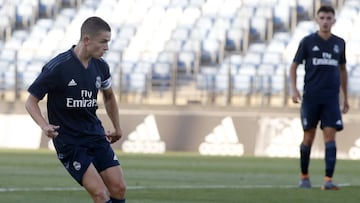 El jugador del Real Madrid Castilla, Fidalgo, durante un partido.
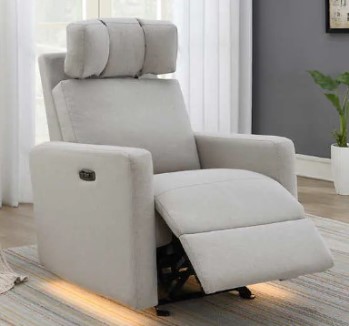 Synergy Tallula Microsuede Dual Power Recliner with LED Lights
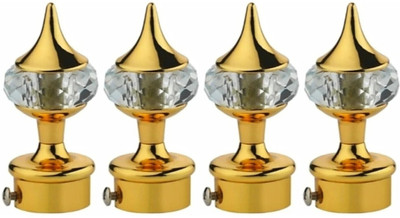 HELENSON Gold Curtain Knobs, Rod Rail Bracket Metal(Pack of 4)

● ● ●

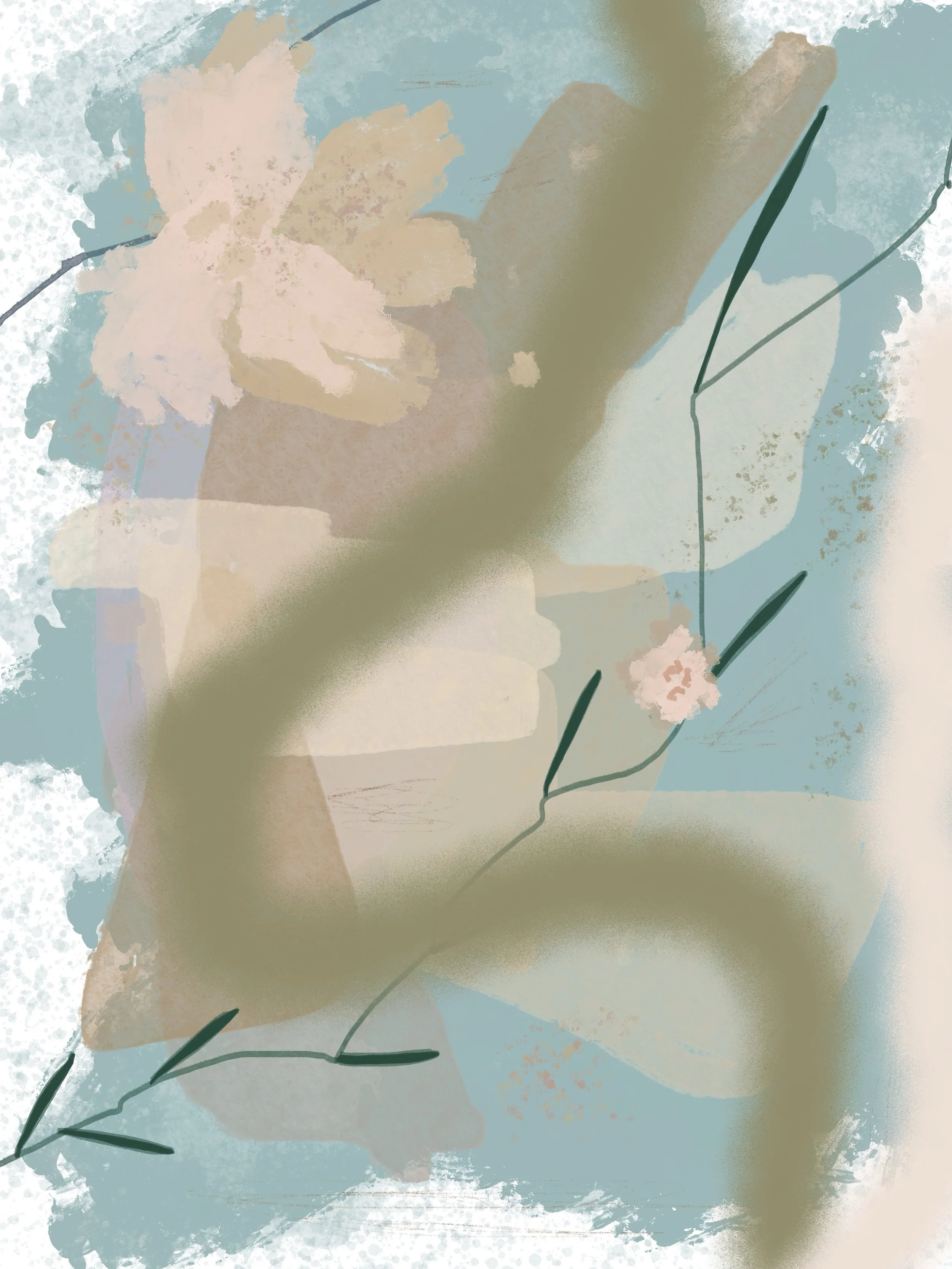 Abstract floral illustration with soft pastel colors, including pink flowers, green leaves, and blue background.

● ● ●

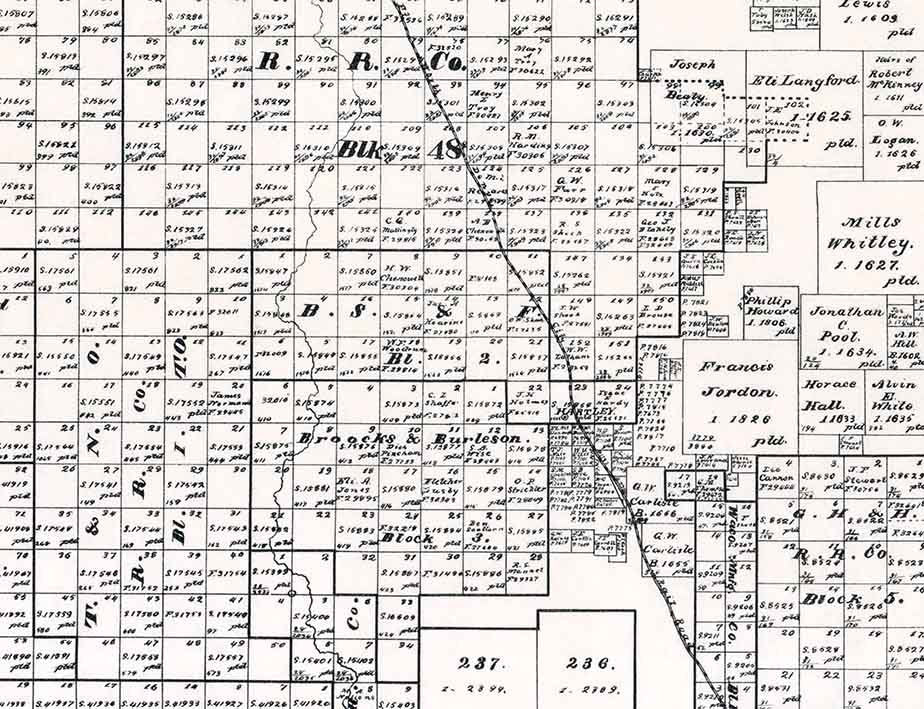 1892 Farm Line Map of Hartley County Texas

● ● ●

◆ **TASK INSTRUCTIONS**
Without the pictures, set down the lines above from the line with "El jugador del" up to and including the line with "HELENSON Gold Curtain" exactly as they stand.

◆ **SOLUTION TO THIS TASK**
 El jugador del Real Madrid Castilla, Fidalgo, durante un partido.
 Synergy Tallula Microsuede Dual Power Recliner with LED Lights
 HELENSON Gold Curtain Knobs, Rod Rail Bracket Metal(Pack of 4)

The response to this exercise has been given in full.